Las otras, detrás de ella, sonrieron, pero sus ojos tenían una mirada triste.
—No. Sería imposible que ahora lo entendieras —dijo Marilyn, que me pasó la
mano sobre el cabello empapado, tratándome ya como si fuera una de ellas—. Te
aseguro que ninguna de nosotras lo entendió en su momento. Pero lo entenderás.

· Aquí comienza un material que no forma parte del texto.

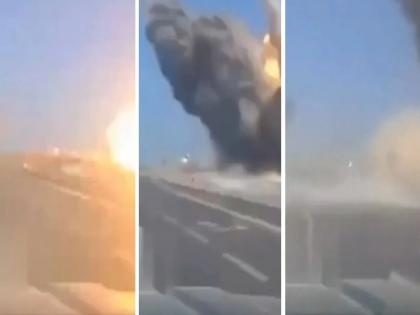 Iran-Israel war breaks out! Missiles strike Israel for 40 minutes, shocking video goes viral! | इराण-इस्त्रायल युद्ध पेटले! ४० मिनिटे इस्रायलवर क्षेपणास्त्रांचा मारा, थरकाप उडवणारे व्हिडिओ व्हायरल! Iran-Israel war breaks out! Missiles strike Israel for 40 minutes, shocking video goes viral! | इराण-इस्त्रायल युद्ध पेटले! ४० मिनिटे इस्रायलवर क्षेपणास्त्रांचा मारा, थरकाप उडवणारे व्हिडिओ व्हायरल!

Poco a poco me levanté hasta quedar completamente erguida, sorprendiéndome al
ver que estaba de pie sobre el agua. Todavía había unas cuantas personas flotando a lo
lejos, luchando contra la corriente, como si pensaran que aún podían salvarse.
—Mi madre está allí —supliqué.
Nombeko suspiró, con ojos melancólicos.
Marilyn me rodeó con un brazo, mirando hacia los restos del naufragio.
—Tienes dos opciones: puedes quedarte con nosotras, o puedes ir con tu madre —
me susurró al oído—. Irte con ella. No salvarla.
Me quedé en silencio, pensando. ¿Me estaba diciendo la verdad? ¿Podía elegir
morir?
—Has dicho que darías lo que fuera por vivir —me recordó—. Espero que fuera en
serio.
Vi en sus ojos la esperanza. No quería que me fuera. Quizá ya había visto suficiente
muerte por un día. Asentí. Me quedaría. Tiró de mí y me susurró al oído:
—Bienvenida a la hermandad de las sirenas —dijo, y de pronto me sentí arrastrada
hacia el fondo.
Una sensación fría me inundó las venas. Aunque me asustó, apenas me dolió.